How the World Works
- Editor: Arthur Naiman
- Author: Noam Chomsky
- Language: English
- Subject: Politics
- Published in English: 2011
- ISBN: 978-1593764272

= How the World Works =

Book by Noam Chomsky

How the World Works is the title of a 2011 book by American professor, linguist, political analyst, and philosopher Noam Chomsky. It consists of five books by Noam Chomsky: What Uncle Sam Really Wants, The Prosperous Few and the Restless Many, Secrets, Lies and Democracy, and The Common Good. The speeches and interviews collected in How the World Works were given in the 1990s and some in the late 1980s. The book was edited by Arthur Naiman.

== Content ==
In his book How the World Works, Noam Chomsky exposes the destructive foreign policy of the United States in other countries, mainly in Third World countries, with the support of dictatorships and other unethical methods with the ultimate goal of the financial profit of the corporations that govern the United States. Another issue that the author touches on in his book is the exploitation and oppression of the poor by the rich both within the United States and in general around the world. At the same time, the media is criticized, which are used as a tool to manipulate people's thinking and never allow them to know the truth. Thus, the great ones can work peacefully for their own profits. Noam Chomsky does not have a magic answer for the enormous problems that he analyzes. As he writes at the end of the book, "I don’t think it’s my job to tell people what they should do – they should think for themselves. I don’t know what I should do here either. So I’m just trying to describe what’s going on as best I can.", while elsewhere in the book he states that the answer to how people can change the world is organization: "Organize. Just organize." As he writes: "There’s only one way to deal with these issues. If everyone is alone, they can’t do anything. All they can do is lament the situation. But if they unite with others, they can make a difference. We can do a million things, depending on where we direct our efforts."

=== What Uncle Sam Really Wants ===
In this book, Noam Chomsky presents the atrocities of the United States, after World War II, in countries such as Laos, Grenada, El Salvador, Nicaragua, Guatemala, Panama, Vietnam, Greece, etc. At the same time, the cooperation of the United States with collaborators of fascists and Nazis is exposed with the aim of combating anti-fascist resistance around the world and establishing "stability", that is, security and enrichment for the upper classes and large foreign businesses. In addition, the fear of the United States for the "threat of good example", that is, countries that fight for justice, democracy, independence, etc. is particularly emphasized. The book also includes excerpts from documents from US policymakers, which reveal the essential opposition of the US to idealistic criteria such as human rights, rising living standards and democratization, because these "vague and unachievable goals" can "corrode" the world's sovereign.

=== The Prosperous Few and the Restless Many ===
This book presents the global economic system, according to which the Third World model is established everywhere: a two-tier society, that is, a layer of extreme wealth and privilege and a layer of immense misery and despair consisting of useless and superfluous people. At the same time, various other issues are examined, such as racism and class differences, which, while they exist to an extreme degree, a major propaganda effort is being made to hide and silence them. In this book, Noam Chomsky also expresses the opinion that everyone knows from experience almost everything that can be thought of about human beings, how they act and why, if they sit down to think about it. "This is not quantum physics."

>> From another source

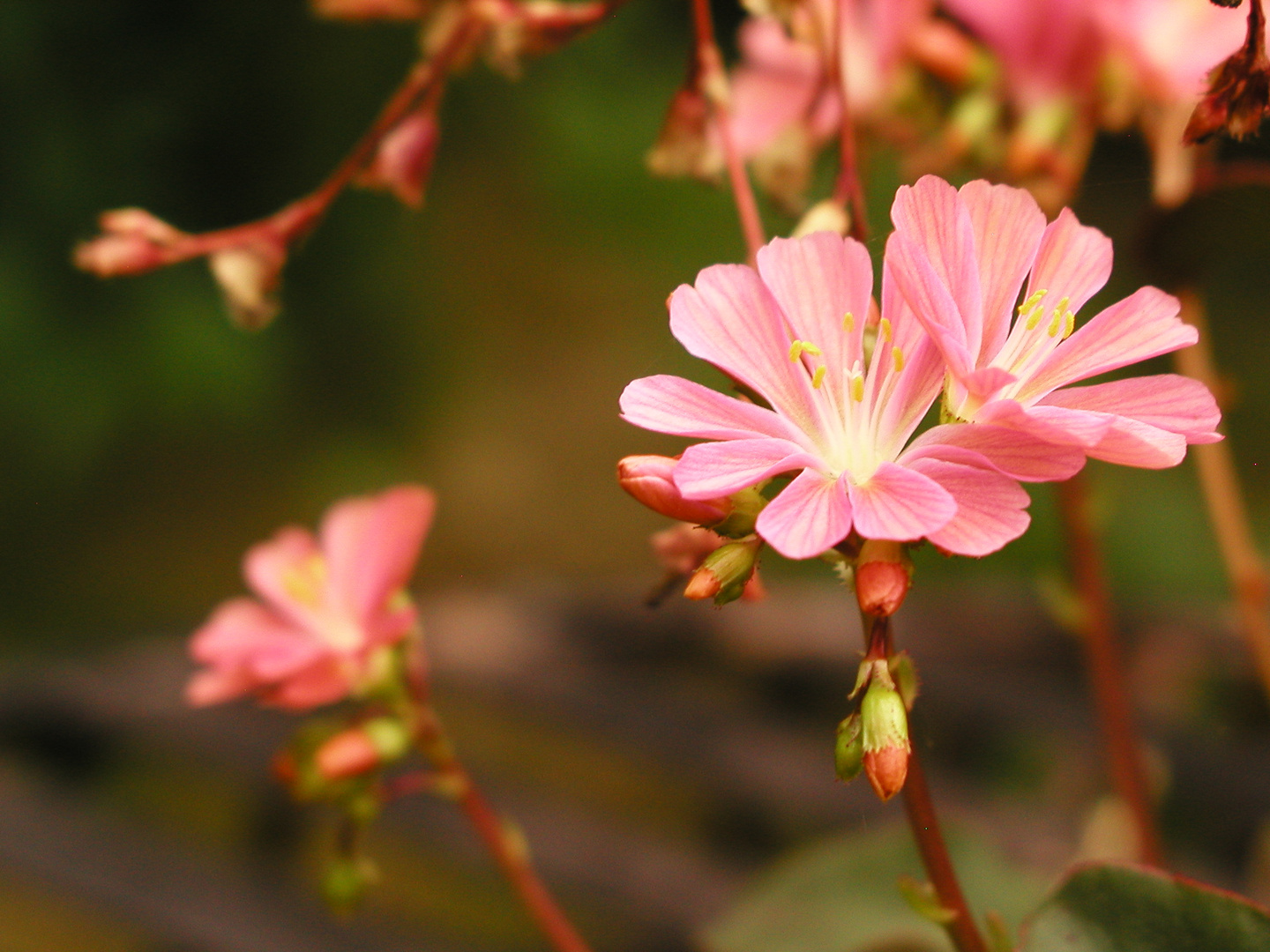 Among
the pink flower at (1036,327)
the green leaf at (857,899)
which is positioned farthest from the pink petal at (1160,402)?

=== Secrets, Lies and Democracy ===
The book Secrets, Lies and Democracy states that corporations try to maximize their profits, power, market share, and control the state. Sometimes what they do helps other people, but only by chance. Noam Chomsky, writing about health, points out that what ordinary people want is called “politically unachievable,” and this means, in simple terms, that the large centers of power and privilege oppose it. Other topics explored in the book include crime, gun ownership, the CIA and its often illegal missions on behalf of the government, the media, debauchery, chauvinism, and the stupidity often caused by mass hysteria about spectacular sports, religious fundamentalism, ever-increasing social inequality, etc.

=== The Common Good ===
In the last book of the project, among many others, concepts such as equality, freedom, power, globalization, etc. are examined.